Assigned task:
Write out all records as given; omit images.

┄┄┄┄┄┄┄┄┄┄

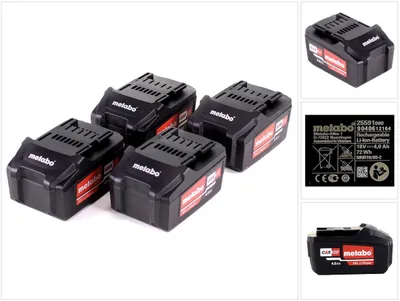 Zdjęcie produktu dla Zestaw akumulatorów Metabo 4x akumulator Li-Power 18 V 4,0 Ah CAS Li-Ion ( 4x 625591000 ) ze wskaźnikiem poziomu naładowania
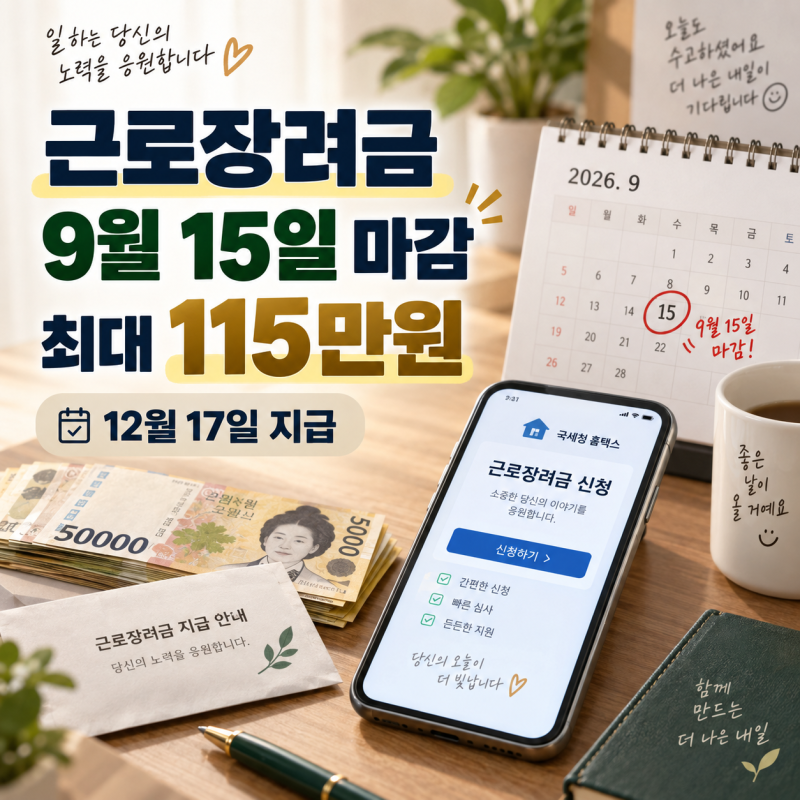 2026 근로장려금 신청 9월 15일 마감｜최대 115만원, 12월 17일 지급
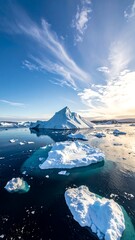 Stunning aerial view of icy waters and majestic white icebergs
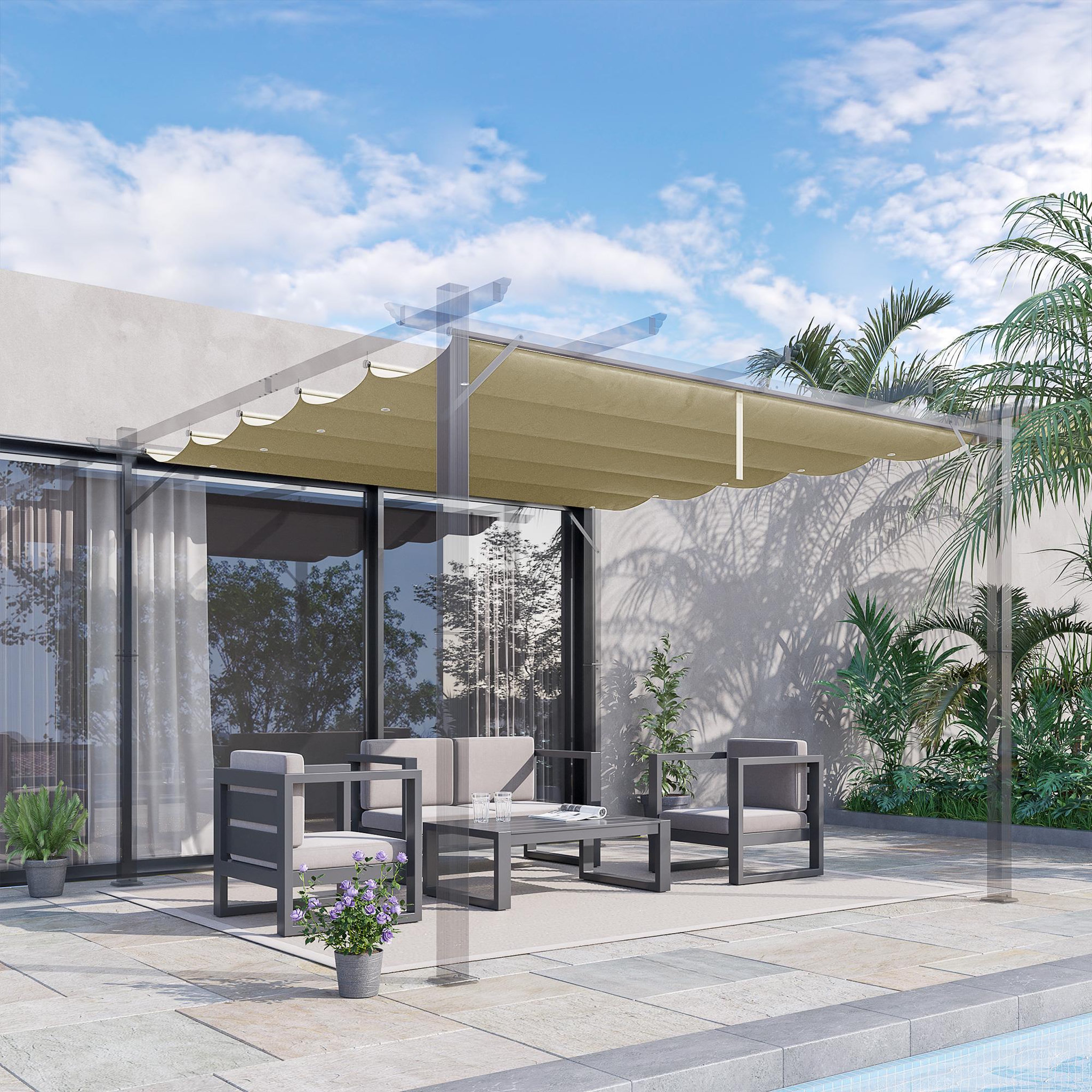 Voir la diapositive 2 : OUTSUNNY Toile de rechange pour pergola rétractable 4 x 3 m polyester haute densité 180 g/m² imperméabilisé beige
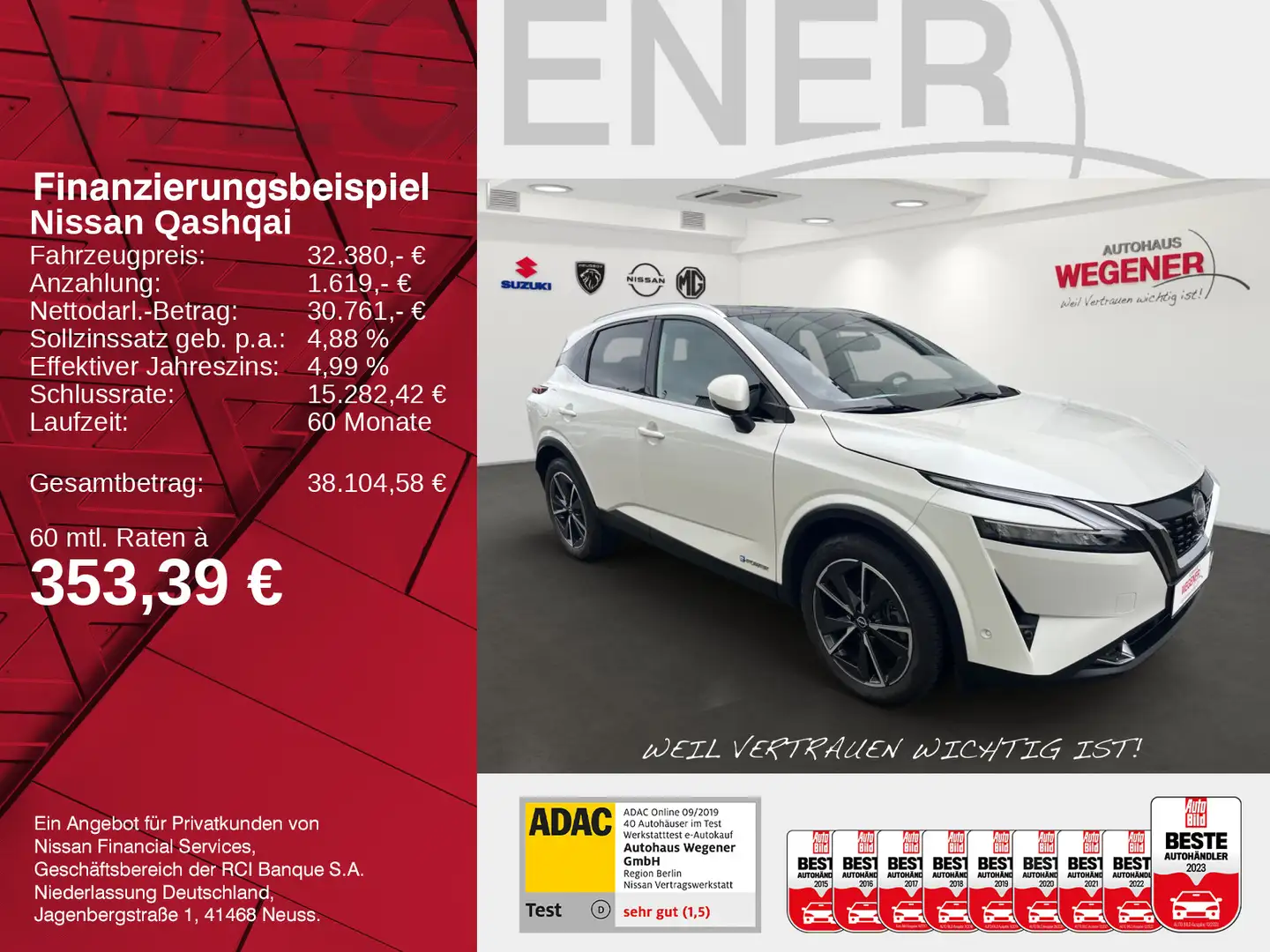 Nissan Qashqai QASHQAI 1.5 VC-T e-POWER TEKNA+ Pano Leder Bose Blanc - 2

┄┄┄┄┄┄┄┄┄┄

Solution for this exercise:
 Zdjęcie produktu dla Zestaw akumulatorów Metabo 4x akumulator Li-Power 18 V 4,0 Ah CAS Li-Ion ( 4x 625591000 ) ze wskaźnikiem poziomu naładowania
 2026 근로장려금 신청 9월 15일 마감｜최대 115만원, 12월 17일 지급
 Stunning aerial view of icy waters and majestic white icebergs
 Voir la diapositive 2 : OUTSUNNY Toile de rechange pour pergola rétractable 4 x 3 m polyester haute densité 180 g/m² imperméabilisé beige
 Nissan Qashqai QASHQAI 1.5 VC-T e-POWER TEKNA+ Pano Leder Bose Blanc - 2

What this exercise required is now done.